# Case Study 3: Bayesian A/B Test - Subscription Page Pricing

## Scenario
A streaming platform wants to test whether a **new pricing page layout** increases the subscription sign-up rate. Instead of a traditional frequentist approach, the team wants to use **Bayesian A/B testing** to get a direct probability that variant B is better than A, and to potentially stop the test early if there's strong evidence.

Current sign-up rate: ~8%. The team wants to know *"What is the probability that the new page is better?"*

**Methods used:** Beta-Binomial model, Posterior analysis, Monte Carlo simulation, Expected Loss

## 1. Bayesian vs Frequentist: Key Differences

| Aspect | Frequentist | Bayesian |
|--------|-------------|----------|
| **Question answered** | "What's the probability of this data given no effect?" | "What's the probability B is better than A?" |
| **Core output** | p-value, confidence interval | Posterior distribution, credible interval |
| **Parameters** | Fixed (unknown) constants | Random variables with distributions |
| **Prior knowledge** | Not incorporated | Incorporated through priors |
| **Peeking** | Inflates false positives | Naturally handled |
| **Sample size** | Must be fixed upfront | More flexible |
| **Interpretation** | "95% of such intervals contain the true value" | "95% probability the true value is in this interval" |

In [None]:
import numpy as np
import pandas as pd
from scipy import stats
import matplotlib.pyplot as plt
import warnings
warnings.filterwarnings('ignore')

np.random.seed(42)

## 2. The Beta-Binomial Model

For binary outcomes (signed up / didn't sign up), the conjugate prior is the **Beta distribution**:

- **Prior:** $p \sim \text{Beta}(\alpha, \beta)$
- **Likelihood:** $x \sim \text{Binomial}(n, p)$
- **Posterior:** $p \mid x \sim \text{Beta}(\alpha + x, \beta + n - x)$

Where $x$ = number of successes, $n$ = number of trials.
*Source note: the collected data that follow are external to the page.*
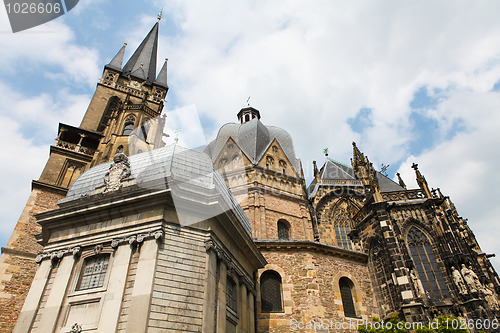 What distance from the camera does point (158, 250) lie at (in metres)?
9.76

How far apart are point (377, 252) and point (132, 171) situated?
40.5ft

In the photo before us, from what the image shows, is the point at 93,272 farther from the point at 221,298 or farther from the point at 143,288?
the point at 221,298

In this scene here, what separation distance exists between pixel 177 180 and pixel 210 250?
274cm

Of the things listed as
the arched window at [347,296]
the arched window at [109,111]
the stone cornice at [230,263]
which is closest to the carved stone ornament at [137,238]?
the stone cornice at [230,263]

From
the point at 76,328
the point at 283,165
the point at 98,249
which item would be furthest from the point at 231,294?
the point at 283,165

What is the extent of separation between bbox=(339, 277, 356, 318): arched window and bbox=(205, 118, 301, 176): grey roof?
12531mm

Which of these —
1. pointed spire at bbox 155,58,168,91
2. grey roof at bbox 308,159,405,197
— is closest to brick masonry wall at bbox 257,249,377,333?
grey roof at bbox 308,159,405,197

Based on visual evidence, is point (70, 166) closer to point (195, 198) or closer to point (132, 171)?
point (132, 171)

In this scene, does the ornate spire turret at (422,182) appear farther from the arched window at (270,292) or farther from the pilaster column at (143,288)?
the pilaster column at (143,288)

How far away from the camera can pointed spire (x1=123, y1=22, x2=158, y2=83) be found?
1386 inches

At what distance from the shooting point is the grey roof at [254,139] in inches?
1115

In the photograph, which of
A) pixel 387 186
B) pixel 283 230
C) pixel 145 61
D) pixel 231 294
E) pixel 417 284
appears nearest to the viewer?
pixel 231 294

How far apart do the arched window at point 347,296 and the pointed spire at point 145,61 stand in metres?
27.9

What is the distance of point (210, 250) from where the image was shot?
10.6m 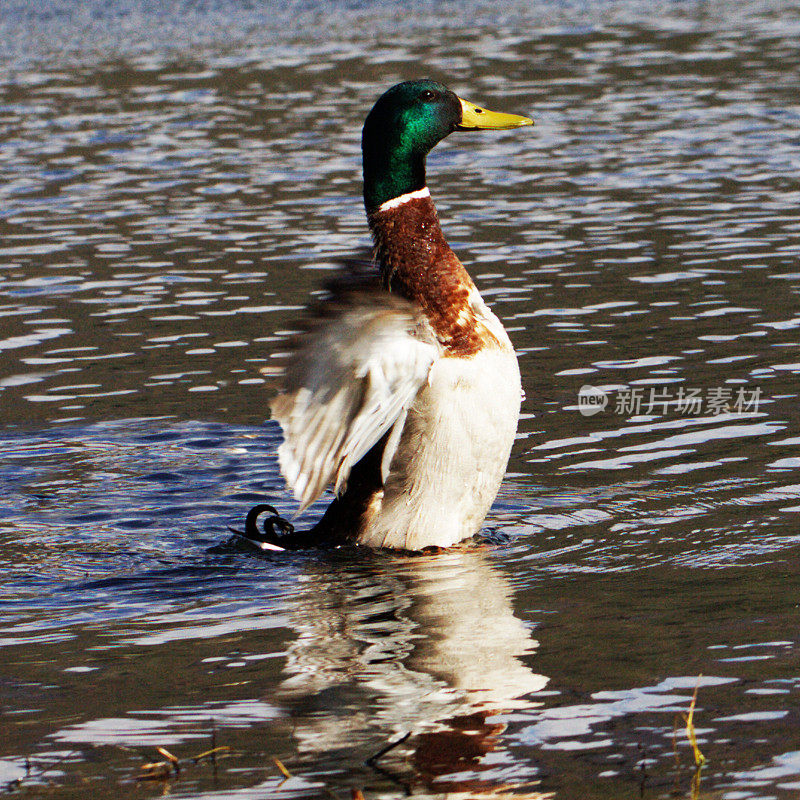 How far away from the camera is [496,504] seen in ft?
23.0

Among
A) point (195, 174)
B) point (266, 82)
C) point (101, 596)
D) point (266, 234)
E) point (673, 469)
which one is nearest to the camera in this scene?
point (101, 596)

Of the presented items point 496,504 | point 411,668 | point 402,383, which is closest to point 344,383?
point 402,383

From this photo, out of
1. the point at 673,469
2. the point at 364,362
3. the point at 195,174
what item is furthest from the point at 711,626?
the point at 195,174

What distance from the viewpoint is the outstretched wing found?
5645 millimetres

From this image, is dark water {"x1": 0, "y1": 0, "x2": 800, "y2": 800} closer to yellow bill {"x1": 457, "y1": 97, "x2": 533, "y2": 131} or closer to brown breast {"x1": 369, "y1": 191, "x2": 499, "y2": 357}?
brown breast {"x1": 369, "y1": 191, "x2": 499, "y2": 357}

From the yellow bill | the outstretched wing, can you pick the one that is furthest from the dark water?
the yellow bill

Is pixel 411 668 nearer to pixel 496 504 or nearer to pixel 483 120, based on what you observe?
pixel 496 504

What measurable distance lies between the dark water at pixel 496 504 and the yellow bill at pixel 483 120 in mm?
1615

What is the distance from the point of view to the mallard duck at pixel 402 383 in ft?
18.6

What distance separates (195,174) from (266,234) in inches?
106

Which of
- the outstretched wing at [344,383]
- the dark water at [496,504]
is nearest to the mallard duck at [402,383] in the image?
the outstretched wing at [344,383]

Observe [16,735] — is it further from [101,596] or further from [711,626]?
[711,626]

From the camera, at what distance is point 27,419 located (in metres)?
8.55

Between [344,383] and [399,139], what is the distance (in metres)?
1.23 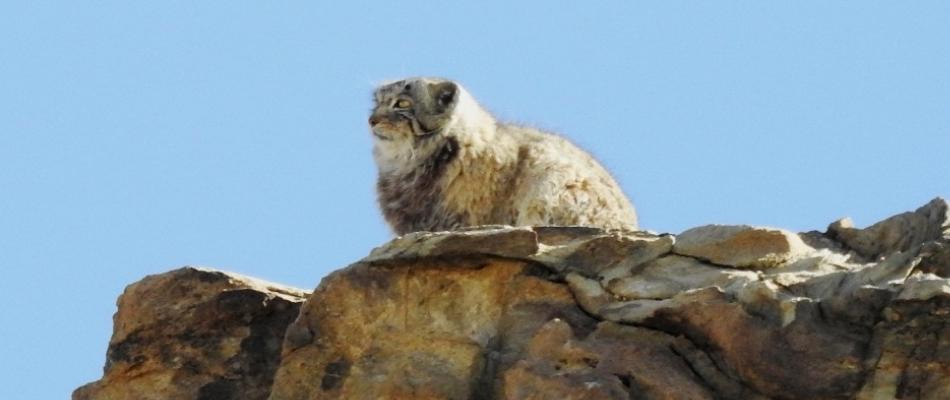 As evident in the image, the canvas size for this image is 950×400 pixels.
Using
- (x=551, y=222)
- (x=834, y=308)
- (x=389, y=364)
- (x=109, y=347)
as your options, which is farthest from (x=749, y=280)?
(x=109, y=347)

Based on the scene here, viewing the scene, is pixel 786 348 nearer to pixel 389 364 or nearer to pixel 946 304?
pixel 946 304

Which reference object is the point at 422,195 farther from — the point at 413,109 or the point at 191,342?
the point at 191,342

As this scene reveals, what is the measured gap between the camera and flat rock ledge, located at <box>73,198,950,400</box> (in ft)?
32.3

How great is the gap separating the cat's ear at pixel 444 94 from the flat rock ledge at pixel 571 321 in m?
3.24

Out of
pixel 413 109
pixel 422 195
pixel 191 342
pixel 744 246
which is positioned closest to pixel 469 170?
Answer: pixel 422 195

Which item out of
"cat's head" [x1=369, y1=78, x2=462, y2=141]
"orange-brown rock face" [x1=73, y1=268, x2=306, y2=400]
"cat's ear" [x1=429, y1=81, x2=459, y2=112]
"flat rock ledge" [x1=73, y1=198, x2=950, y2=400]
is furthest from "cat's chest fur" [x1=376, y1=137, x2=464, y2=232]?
"orange-brown rock face" [x1=73, y1=268, x2=306, y2=400]

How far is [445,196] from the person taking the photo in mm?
14414

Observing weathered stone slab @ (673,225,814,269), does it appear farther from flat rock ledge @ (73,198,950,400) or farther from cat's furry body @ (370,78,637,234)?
cat's furry body @ (370,78,637,234)

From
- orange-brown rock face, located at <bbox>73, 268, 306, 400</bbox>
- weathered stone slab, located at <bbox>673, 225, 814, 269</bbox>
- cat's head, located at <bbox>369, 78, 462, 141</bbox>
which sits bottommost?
orange-brown rock face, located at <bbox>73, 268, 306, 400</bbox>

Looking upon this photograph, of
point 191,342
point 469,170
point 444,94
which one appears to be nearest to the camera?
point 191,342

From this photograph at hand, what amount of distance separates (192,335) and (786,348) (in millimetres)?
4210

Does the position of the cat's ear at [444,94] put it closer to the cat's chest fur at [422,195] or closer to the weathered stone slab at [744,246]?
the cat's chest fur at [422,195]

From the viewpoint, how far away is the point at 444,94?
14945 mm

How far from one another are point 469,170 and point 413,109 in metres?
0.82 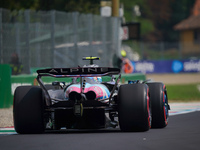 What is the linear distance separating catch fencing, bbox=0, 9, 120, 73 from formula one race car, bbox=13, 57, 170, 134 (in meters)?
8.58

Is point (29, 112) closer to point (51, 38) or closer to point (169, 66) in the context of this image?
point (51, 38)

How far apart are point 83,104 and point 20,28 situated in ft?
33.2

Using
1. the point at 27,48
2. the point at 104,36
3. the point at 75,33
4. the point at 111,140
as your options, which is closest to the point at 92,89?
the point at 111,140

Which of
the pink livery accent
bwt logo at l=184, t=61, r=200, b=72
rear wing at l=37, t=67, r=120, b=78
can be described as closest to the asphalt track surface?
the pink livery accent

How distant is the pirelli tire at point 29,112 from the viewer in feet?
34.4

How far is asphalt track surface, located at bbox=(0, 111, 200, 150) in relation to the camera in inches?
329

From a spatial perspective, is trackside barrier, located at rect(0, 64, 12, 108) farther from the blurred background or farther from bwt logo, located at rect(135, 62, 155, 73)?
bwt logo, located at rect(135, 62, 155, 73)

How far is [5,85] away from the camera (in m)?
16.7

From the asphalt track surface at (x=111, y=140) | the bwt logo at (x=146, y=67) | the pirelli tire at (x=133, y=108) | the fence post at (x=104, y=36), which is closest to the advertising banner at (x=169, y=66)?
the bwt logo at (x=146, y=67)

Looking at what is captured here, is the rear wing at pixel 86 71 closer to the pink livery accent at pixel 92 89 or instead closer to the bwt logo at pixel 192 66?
the pink livery accent at pixel 92 89

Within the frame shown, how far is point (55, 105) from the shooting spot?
10547 millimetres

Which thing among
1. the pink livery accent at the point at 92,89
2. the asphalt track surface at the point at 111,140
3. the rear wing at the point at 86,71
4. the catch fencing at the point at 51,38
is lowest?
the asphalt track surface at the point at 111,140

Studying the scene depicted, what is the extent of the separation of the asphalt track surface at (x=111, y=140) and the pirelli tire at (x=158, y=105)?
28 cm

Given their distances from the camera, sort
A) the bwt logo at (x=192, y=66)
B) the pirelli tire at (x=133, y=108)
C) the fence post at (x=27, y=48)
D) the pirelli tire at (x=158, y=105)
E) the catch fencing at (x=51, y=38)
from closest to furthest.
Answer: the pirelli tire at (x=133, y=108)
the pirelli tire at (x=158, y=105)
the catch fencing at (x=51, y=38)
the fence post at (x=27, y=48)
the bwt logo at (x=192, y=66) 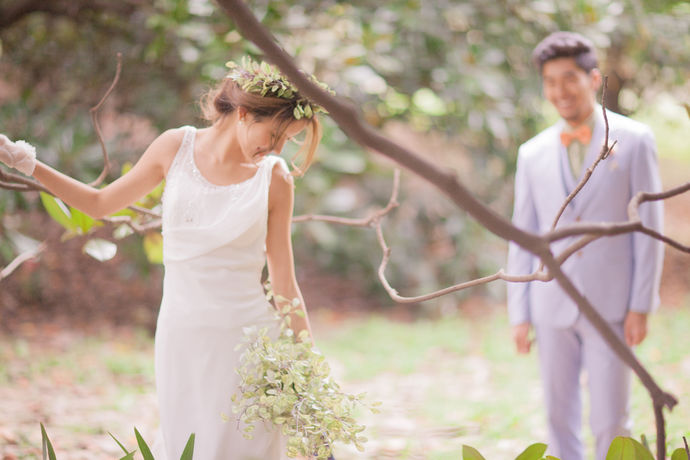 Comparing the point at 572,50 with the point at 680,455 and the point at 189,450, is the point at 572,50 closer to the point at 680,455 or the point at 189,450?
the point at 680,455

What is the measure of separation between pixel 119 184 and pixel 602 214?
65.1 inches

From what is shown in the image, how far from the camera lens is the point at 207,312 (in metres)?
1.90

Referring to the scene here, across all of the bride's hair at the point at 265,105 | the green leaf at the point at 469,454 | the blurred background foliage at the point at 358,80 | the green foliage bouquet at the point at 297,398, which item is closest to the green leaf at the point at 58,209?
the bride's hair at the point at 265,105

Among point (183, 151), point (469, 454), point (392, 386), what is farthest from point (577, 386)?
point (392, 386)

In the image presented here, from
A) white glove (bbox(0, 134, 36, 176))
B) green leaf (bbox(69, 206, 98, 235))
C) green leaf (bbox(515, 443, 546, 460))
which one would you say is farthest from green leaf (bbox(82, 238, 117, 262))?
green leaf (bbox(515, 443, 546, 460))

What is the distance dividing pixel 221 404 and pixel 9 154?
846mm

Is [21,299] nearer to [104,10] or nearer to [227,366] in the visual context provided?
[104,10]

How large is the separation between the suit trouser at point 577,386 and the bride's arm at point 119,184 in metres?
1.53

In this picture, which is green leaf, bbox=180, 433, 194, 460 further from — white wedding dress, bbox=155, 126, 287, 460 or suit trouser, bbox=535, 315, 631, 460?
suit trouser, bbox=535, 315, 631, 460

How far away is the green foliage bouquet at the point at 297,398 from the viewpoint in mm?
1700

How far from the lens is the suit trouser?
246cm

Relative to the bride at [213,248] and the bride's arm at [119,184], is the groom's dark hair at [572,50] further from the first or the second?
the bride's arm at [119,184]

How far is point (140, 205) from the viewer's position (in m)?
2.64

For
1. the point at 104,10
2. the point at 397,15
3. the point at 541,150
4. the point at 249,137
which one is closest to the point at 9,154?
the point at 249,137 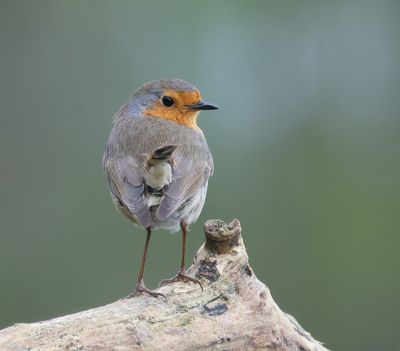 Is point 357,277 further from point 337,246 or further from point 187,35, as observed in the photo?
point 187,35

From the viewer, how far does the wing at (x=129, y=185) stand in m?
4.65

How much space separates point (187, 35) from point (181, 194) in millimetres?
4504

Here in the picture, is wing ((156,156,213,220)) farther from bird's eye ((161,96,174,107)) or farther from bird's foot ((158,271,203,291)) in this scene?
bird's eye ((161,96,174,107))

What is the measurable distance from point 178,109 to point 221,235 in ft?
5.31

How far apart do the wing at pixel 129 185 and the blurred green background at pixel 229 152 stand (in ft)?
8.10

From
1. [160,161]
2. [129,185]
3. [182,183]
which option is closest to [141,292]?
[129,185]

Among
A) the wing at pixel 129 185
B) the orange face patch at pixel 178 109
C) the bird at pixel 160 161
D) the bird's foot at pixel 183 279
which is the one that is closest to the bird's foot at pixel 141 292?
the bird at pixel 160 161

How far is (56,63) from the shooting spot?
906 cm

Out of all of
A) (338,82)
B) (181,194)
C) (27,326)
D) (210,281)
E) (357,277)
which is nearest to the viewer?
(27,326)

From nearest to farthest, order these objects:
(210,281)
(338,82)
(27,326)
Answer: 1. (27,326)
2. (210,281)
3. (338,82)

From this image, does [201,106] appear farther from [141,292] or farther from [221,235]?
[141,292]

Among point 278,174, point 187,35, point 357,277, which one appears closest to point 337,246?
point 357,277

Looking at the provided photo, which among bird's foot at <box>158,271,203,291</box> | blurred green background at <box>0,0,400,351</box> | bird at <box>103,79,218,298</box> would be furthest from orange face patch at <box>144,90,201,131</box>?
blurred green background at <box>0,0,400,351</box>

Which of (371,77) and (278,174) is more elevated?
(371,77) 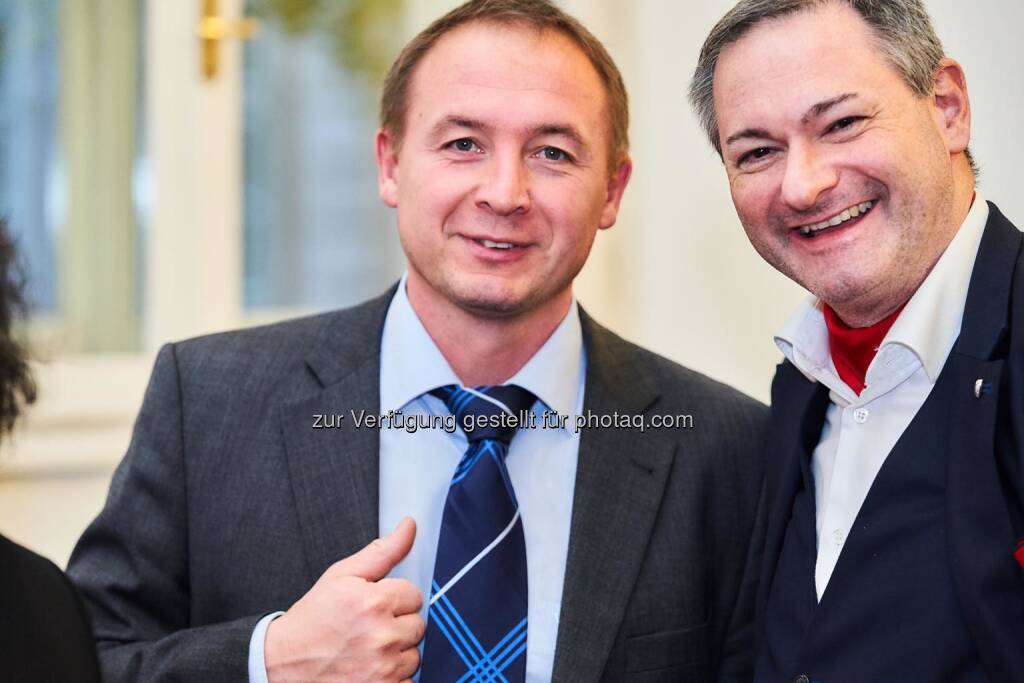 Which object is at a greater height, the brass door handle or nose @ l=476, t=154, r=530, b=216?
the brass door handle

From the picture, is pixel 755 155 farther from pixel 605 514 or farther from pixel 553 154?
pixel 605 514

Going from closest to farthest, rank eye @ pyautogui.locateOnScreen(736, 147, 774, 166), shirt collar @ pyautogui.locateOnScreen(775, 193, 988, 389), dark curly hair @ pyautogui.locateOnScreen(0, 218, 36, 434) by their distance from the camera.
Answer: dark curly hair @ pyautogui.locateOnScreen(0, 218, 36, 434), shirt collar @ pyautogui.locateOnScreen(775, 193, 988, 389), eye @ pyautogui.locateOnScreen(736, 147, 774, 166)

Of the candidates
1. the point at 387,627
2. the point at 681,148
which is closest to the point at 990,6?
the point at 681,148

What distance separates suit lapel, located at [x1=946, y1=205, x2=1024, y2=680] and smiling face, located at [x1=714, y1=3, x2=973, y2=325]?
0.38 feet

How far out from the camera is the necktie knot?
1.57 m

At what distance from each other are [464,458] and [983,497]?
66 centimetres

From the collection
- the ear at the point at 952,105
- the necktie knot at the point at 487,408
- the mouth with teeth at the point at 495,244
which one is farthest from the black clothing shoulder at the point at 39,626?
the ear at the point at 952,105

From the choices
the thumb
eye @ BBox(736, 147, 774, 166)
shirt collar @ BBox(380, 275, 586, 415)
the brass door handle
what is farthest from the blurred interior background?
the thumb

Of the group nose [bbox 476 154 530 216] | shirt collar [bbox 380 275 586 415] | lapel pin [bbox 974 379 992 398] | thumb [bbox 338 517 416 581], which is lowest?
thumb [bbox 338 517 416 581]

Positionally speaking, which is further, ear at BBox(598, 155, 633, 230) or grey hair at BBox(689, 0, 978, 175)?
ear at BBox(598, 155, 633, 230)

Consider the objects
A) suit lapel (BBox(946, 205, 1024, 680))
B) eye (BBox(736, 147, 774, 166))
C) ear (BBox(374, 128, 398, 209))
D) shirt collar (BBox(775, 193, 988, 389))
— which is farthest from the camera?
ear (BBox(374, 128, 398, 209))

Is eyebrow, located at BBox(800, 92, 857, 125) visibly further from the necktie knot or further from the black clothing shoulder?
the black clothing shoulder

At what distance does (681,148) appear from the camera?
273 cm

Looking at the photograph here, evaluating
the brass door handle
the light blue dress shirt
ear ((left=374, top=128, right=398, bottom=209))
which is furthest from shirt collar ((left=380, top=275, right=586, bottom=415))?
the brass door handle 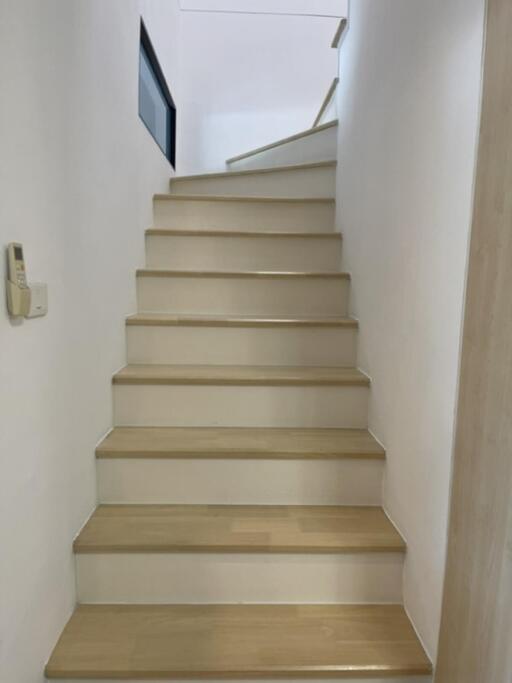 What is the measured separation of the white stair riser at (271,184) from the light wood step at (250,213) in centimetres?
23

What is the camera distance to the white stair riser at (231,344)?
1885mm

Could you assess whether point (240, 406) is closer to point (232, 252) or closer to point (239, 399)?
point (239, 399)

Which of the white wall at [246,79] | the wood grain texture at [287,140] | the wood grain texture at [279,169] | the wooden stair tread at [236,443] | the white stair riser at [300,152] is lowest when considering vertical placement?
the wooden stair tread at [236,443]

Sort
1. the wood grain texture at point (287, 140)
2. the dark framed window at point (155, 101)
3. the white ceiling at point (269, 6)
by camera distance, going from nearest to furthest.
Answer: the dark framed window at point (155, 101), the wood grain texture at point (287, 140), the white ceiling at point (269, 6)

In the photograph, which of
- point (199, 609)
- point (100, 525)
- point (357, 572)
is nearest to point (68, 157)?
point (100, 525)

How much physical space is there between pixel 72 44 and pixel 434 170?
41.1 inches

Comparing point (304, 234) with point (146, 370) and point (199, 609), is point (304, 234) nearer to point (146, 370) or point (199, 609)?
A: point (146, 370)

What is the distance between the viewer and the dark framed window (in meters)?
2.44

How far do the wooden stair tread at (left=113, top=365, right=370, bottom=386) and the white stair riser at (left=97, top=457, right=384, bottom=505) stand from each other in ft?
1.00

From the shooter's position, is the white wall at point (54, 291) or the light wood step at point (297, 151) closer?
the white wall at point (54, 291)

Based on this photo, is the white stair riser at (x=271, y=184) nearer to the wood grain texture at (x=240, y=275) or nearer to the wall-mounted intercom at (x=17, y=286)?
the wood grain texture at (x=240, y=275)

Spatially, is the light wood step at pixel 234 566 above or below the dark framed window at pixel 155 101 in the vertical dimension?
below

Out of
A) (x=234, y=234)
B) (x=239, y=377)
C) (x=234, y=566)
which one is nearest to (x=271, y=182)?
(x=234, y=234)

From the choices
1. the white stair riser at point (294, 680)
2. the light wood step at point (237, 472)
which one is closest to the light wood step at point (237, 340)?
the light wood step at point (237, 472) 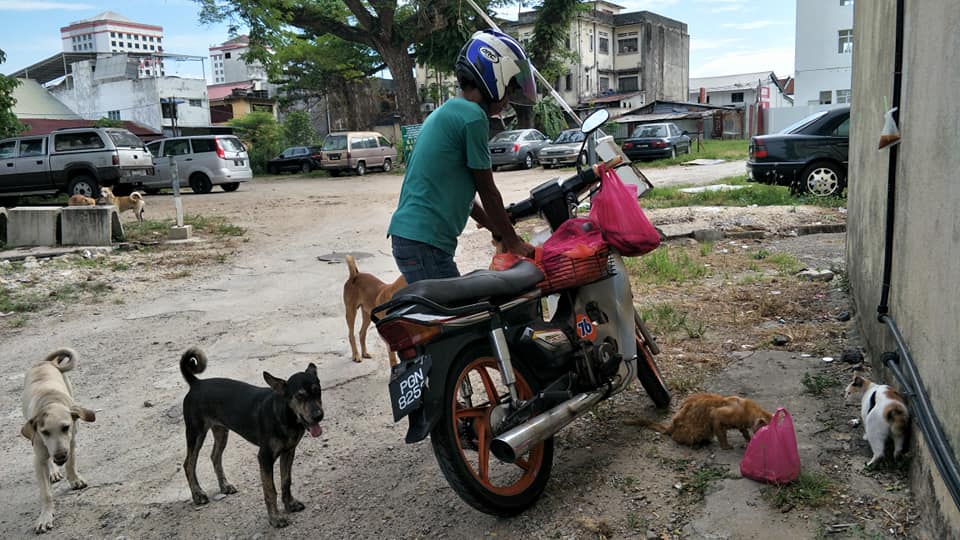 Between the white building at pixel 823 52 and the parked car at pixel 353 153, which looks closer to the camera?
the parked car at pixel 353 153

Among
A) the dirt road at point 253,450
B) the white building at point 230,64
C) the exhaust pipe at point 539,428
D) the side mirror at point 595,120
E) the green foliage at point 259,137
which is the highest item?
the white building at point 230,64

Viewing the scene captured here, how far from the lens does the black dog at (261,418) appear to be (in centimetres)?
333

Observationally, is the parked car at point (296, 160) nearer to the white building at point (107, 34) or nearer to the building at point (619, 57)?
the building at point (619, 57)

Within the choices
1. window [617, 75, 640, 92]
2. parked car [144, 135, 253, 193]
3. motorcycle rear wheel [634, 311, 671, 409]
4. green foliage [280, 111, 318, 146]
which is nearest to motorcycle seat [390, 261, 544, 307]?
motorcycle rear wheel [634, 311, 671, 409]

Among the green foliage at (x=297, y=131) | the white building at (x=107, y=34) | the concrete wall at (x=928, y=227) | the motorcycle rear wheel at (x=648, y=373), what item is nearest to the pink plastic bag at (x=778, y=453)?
the concrete wall at (x=928, y=227)

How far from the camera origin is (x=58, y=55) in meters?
48.2

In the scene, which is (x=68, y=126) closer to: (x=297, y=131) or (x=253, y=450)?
(x=297, y=131)

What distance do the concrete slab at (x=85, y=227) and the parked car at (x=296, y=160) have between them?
833 inches

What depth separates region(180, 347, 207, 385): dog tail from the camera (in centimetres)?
383

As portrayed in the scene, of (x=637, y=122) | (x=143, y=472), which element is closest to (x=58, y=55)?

The beauty of conjugacy is that the posterior has a **closed-form solution** - no MCMC needed.

In [None]:
# Simulate experiment data
n_control = 3000
n_treatment = 3000

true_p_control = 0.08
true_p_treatment = 0.095  # ~19% relative lift

# Simulate results
conversions_control = np.random.binomial(n_control, true_p_control)
conversions_treatment = np.random.binomial(n_treatment, true_p_treatment)

print("=== Observed Data ===")
print(f"Control:   {conversions_control} / {n_control} = {conversions_control/n_control:.4f}")
print(f"Treatment: {conversions_treatment} / {n_treatment} = {conversions_treatment/n_treatment:.4f}")

## 3. Setting the Prior

The choice of prior reflects our **prior knowledge** about the conversion rate.

In [None]:
# Uninformative prior: Beta(1, 1) = Uniform(0, 1)
# This says "we have no prior knowledge about the conversion rate"
prior_alpha = 1
prior_beta = 1

# Alternative: weakly informative prior centered around 8%
# Beta(8, 92) -> mean = 8/(8+92) = 0.08, roughly equivalent to 100 prior observations
informative_alpha = 8
informative_beta = 92

x = np.linspace(0, 0.25, 1000)

fig, ax = plt.subplots(1, 1, figsize=(10, 5))
ax.plot(x, stats.beta.pdf(x, 1, 1), 'b--', label='Uninformative: Beta(1,1)', linewidth=2)
ax.plot(x, stats.beta.pdf(x, 8, 92), 'r-', label='Weakly informative: Beta(8,92)', linewidth=2)
ax.set_xlabel('Conversion Rate')
ax.set_ylabel('Density')
ax.set_title('Prior Distributions')
ax.legend()
plt.tight_layout()
plt.show()

print(f"Uninformative prior mean: {1/(1+1):.2f} (flat, no preference)")
print(f"Informative prior mean: {8/(8+92):.2f} (centered on historical rate)")
print(f"\nWe'll use the uninformative prior Beta(1,1) to let the data speak.")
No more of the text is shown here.